Residents of the Okanagan are among the highest water users in the country, she noted.

She also pointed to the increase from seven to 50 golf courses, 12 to 82 wineries and 81 to 147 water storage facilities.
She said 235 of this ba­sin’s 300 streams are fully recorded, “so groundwater is becoming an attractive alternative.”

Dr. Brian Smerdon is a research associate in the earth sciences department at SFU and talked about work he’s been doing in the Vernon area tracking water from upland water sources to valley bottom aquifers.

He too, noted that surface and groundwater are connected, and said integrated watershed models that include both ground and surface water are now being constructed.
Because hydrogeologists research groundwater and hydrologists study surface water, they’ve been studied separately up to now, but they are not separate sources.

Watershed modeling combines the effects of climate, geology and hydrology to predict responses to different scenarios, he explained.

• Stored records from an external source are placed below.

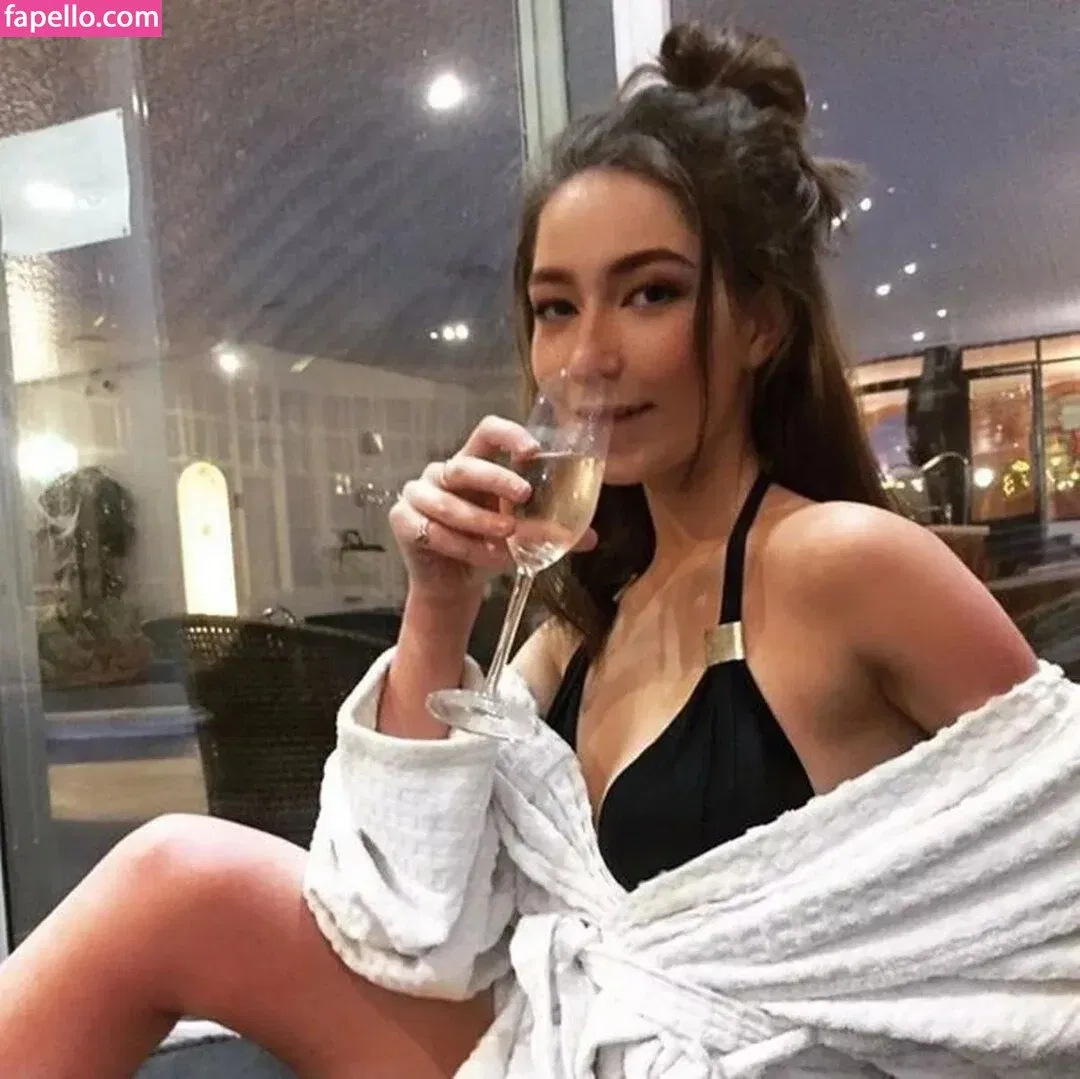 Lottie Lion Onlyfans Photo Gallery 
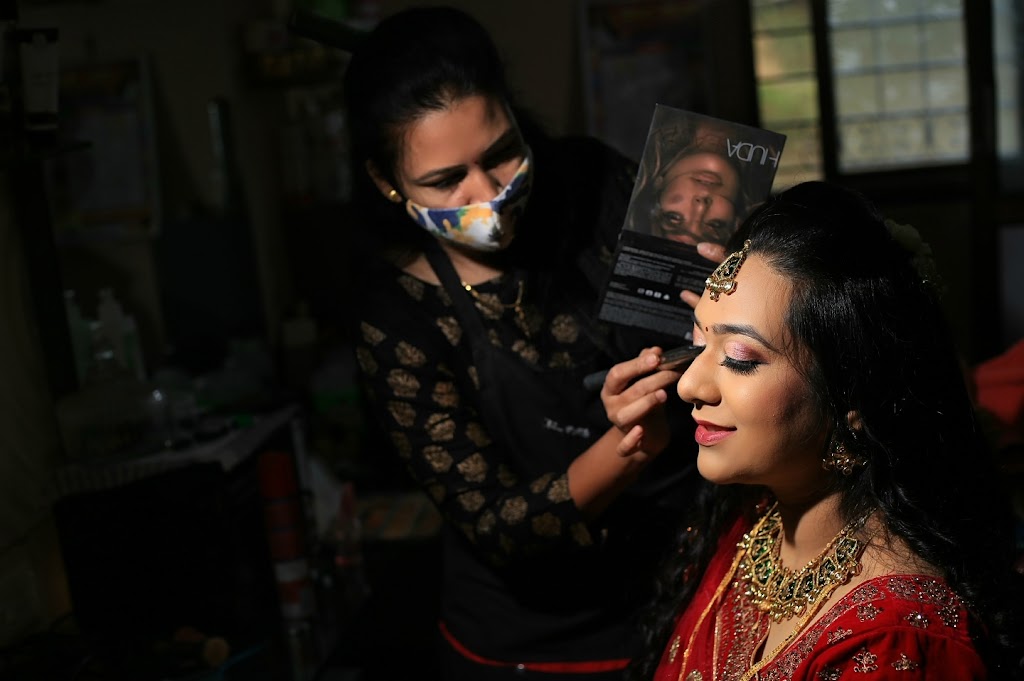 Gloin Professional Ladies Beauty Parlour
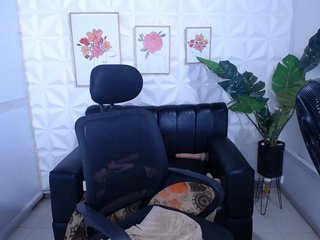 Valentina-mature Porn Show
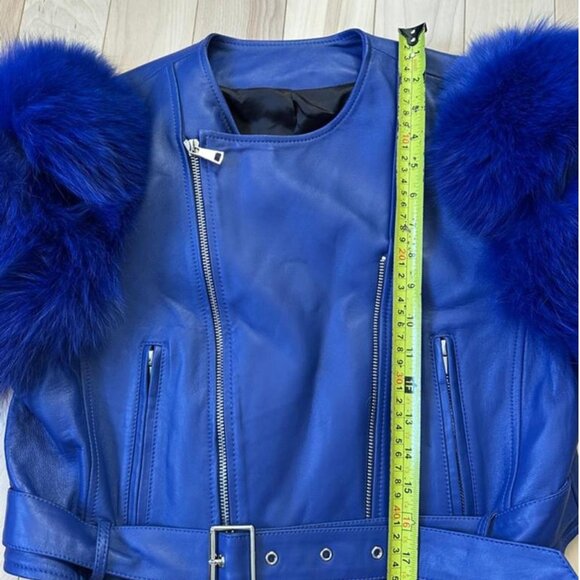 High-quality royal blue leather jacket with real fox fur shoulder - Picture 6 of 8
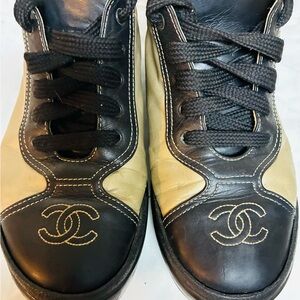 Authentic Chanel
Vintage Interlocking CC Logo Sneakers.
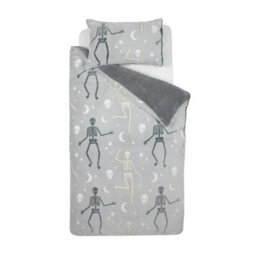 Catherine Lansfield Halloween Skeleton Fleece Glow In The Dark Duvet Cover Set With Pillowcases Grey - thumbnail 5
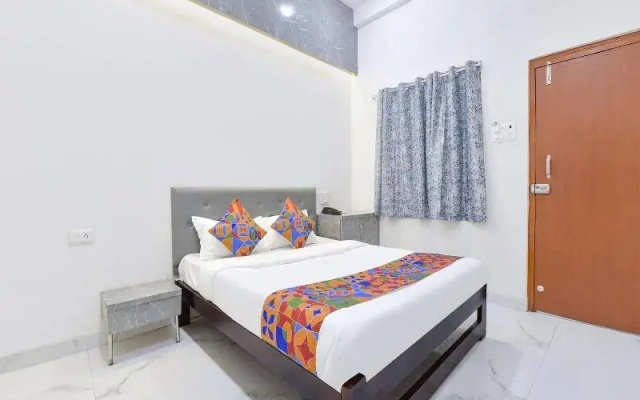 Fabhotel Grand Embassy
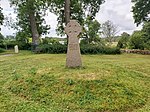 Minnesstenen på Sörby kyrkgård.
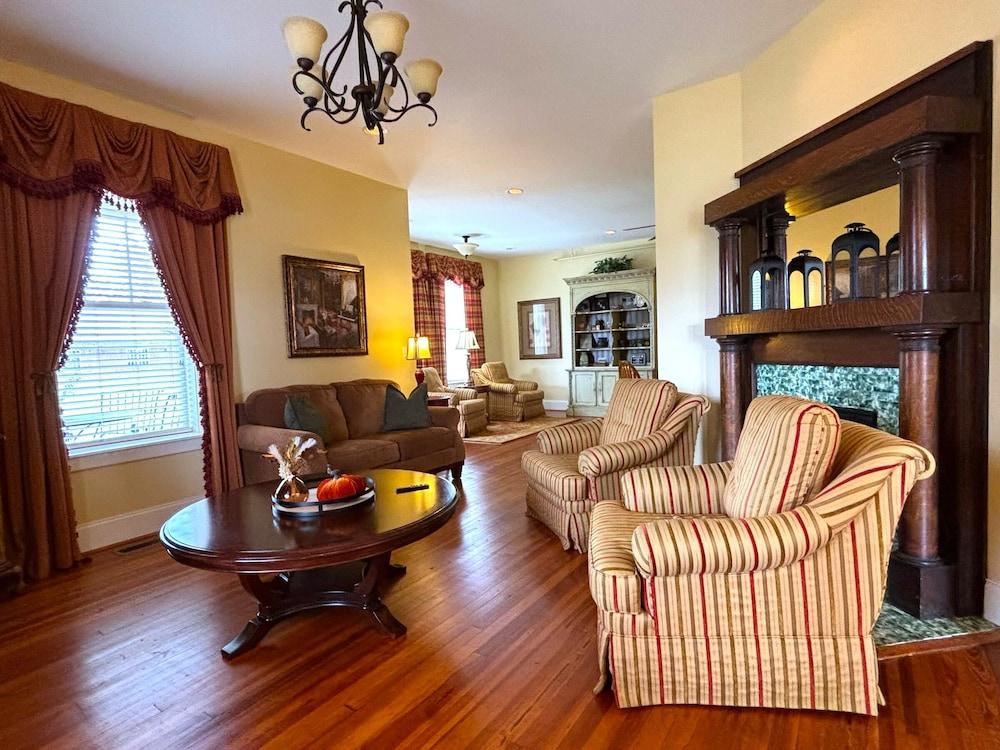 Grand Lux Inn photo 2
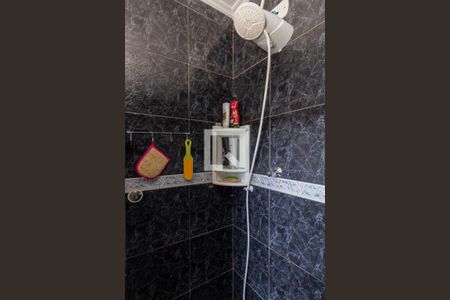 Casa à venda com 200m², 3 quartos e 4 vagasBanheiro Suíte 2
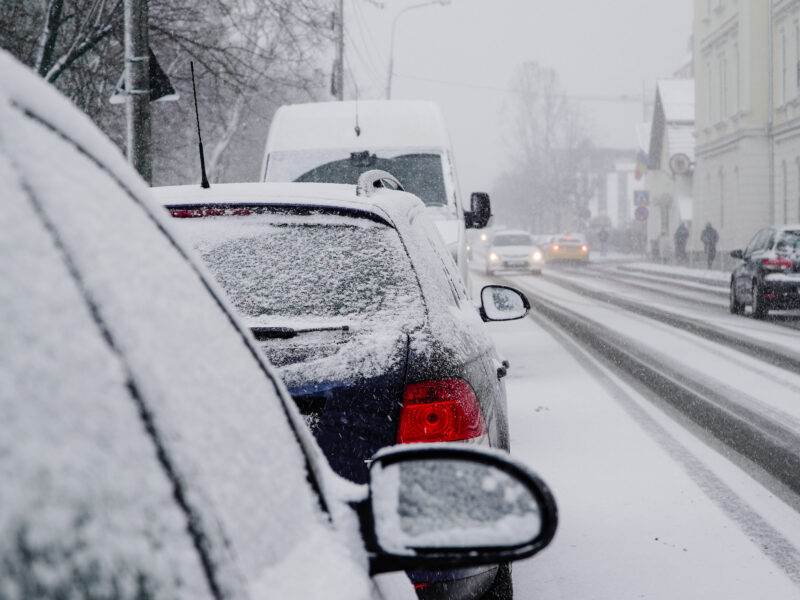 condiții de iarnă în trafic la sibiu - poliția: circulați cu viteză redusă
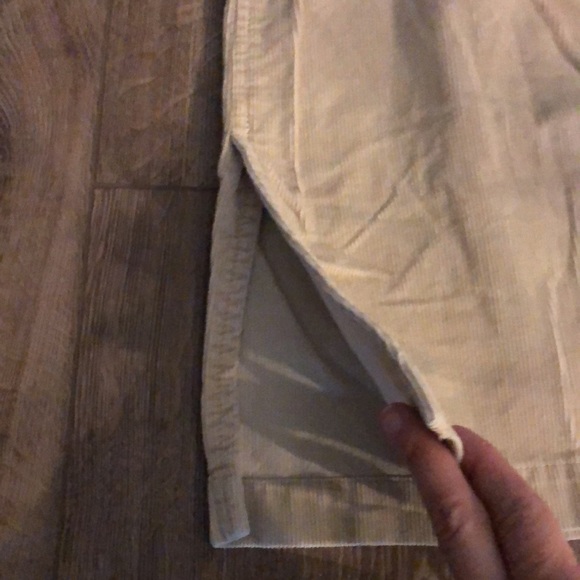 Like new! - BANANA REPUBLIC 100% Cotton Boot Cut Corduroy Pants - Picture 6 of 7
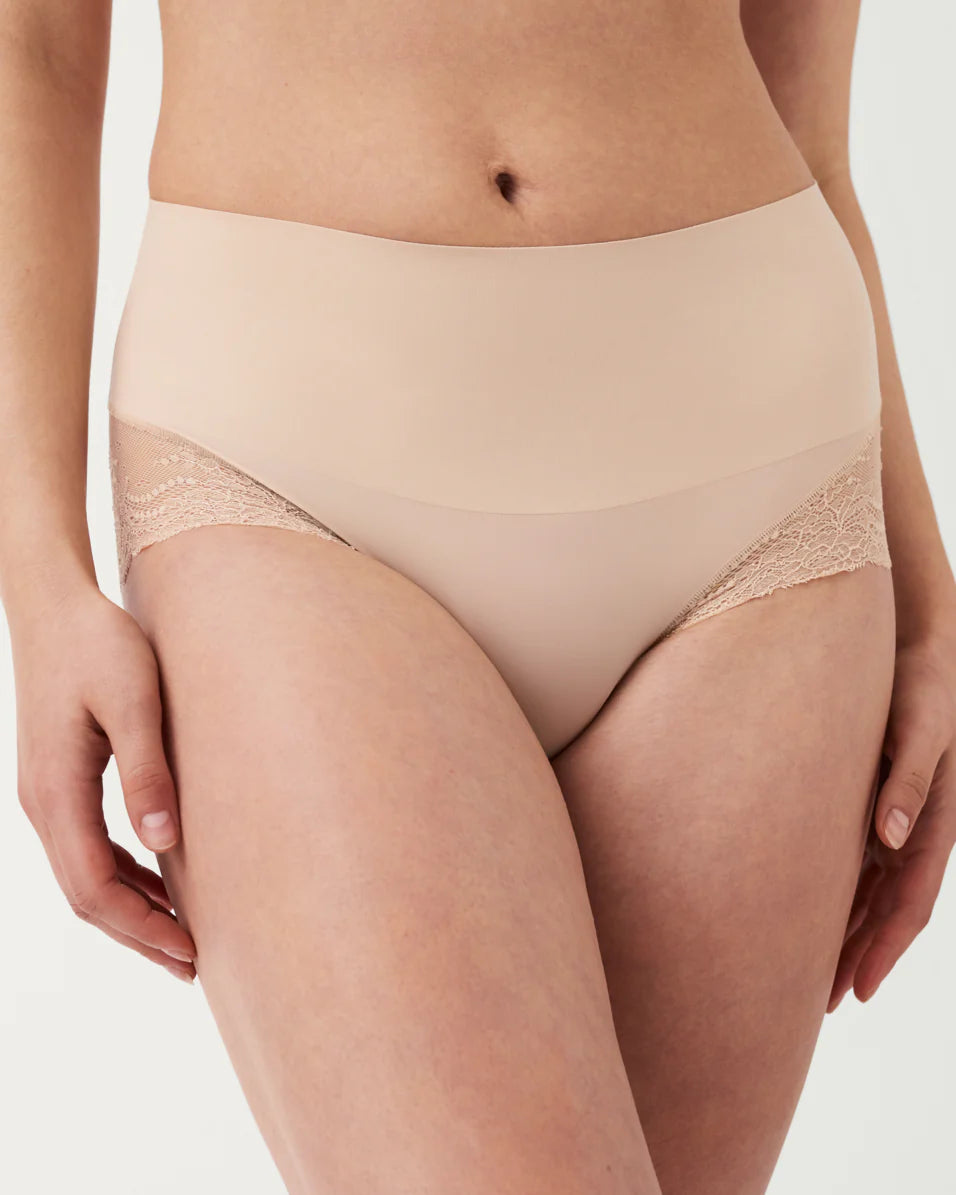 SPANX | Undie-tectable Smoothing Lace Hi-Hipster Panty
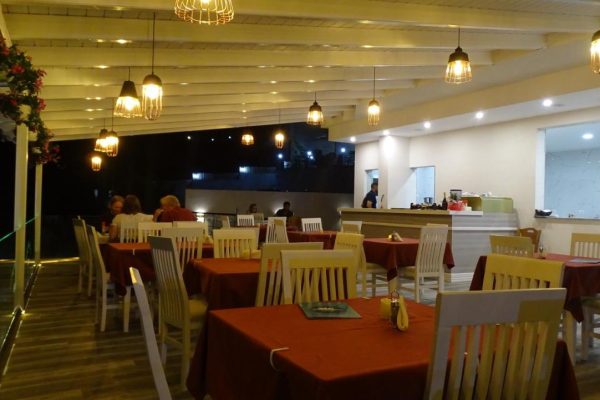 Hotel Queen Margaret Seaside in Ksamil in the restaurant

Natasha Neumann, a graduate student at UBCO, described her research on surface and groundwater interactions in the Upper Vernon Creek area of Lake Country.

“Whatever we do has impacts on downstream users,” she concluded.

As well, she said the implication of well pumping can disrupt the flow patterns and affect egg survival of aquatic species such as stream spawning Kokanee because of the change in water temperatures it can cause in the nearest stream.

Both well placement and the pumping rate from groundwater sources can influence surface water, she said.

Because irrigation water is a source of recharge for groundwater, it can also become a source of compounds such as nitrates for downstream bodies of water that receive groundwater flows, reported Pana Athanasopoulos, who is working on a master’s paper on nitrate in groundwater in the Osoyoos area.

In fact, she said shallow sources of groundwater are primarily re-charged by irrigation water.
Dr. Stephen Grasby, a research scientist from the federal government’s Geological Survey of Canada, said they are beginning a project in the Central Okanagan this year assessing groundwater resources and doing geological modeling of key aquifers.

Some field investigation has already begun in this area and it will continue with groundwater sampling, geological mapping, and investigation of geothermal development in the area.

“We’re concerned about the impact it has on groundwater aquifers,” he explained.

The symposium was put on by the Canadian Water Network in collaboration with the Okanagan Basin Water Board, senior governments and universities.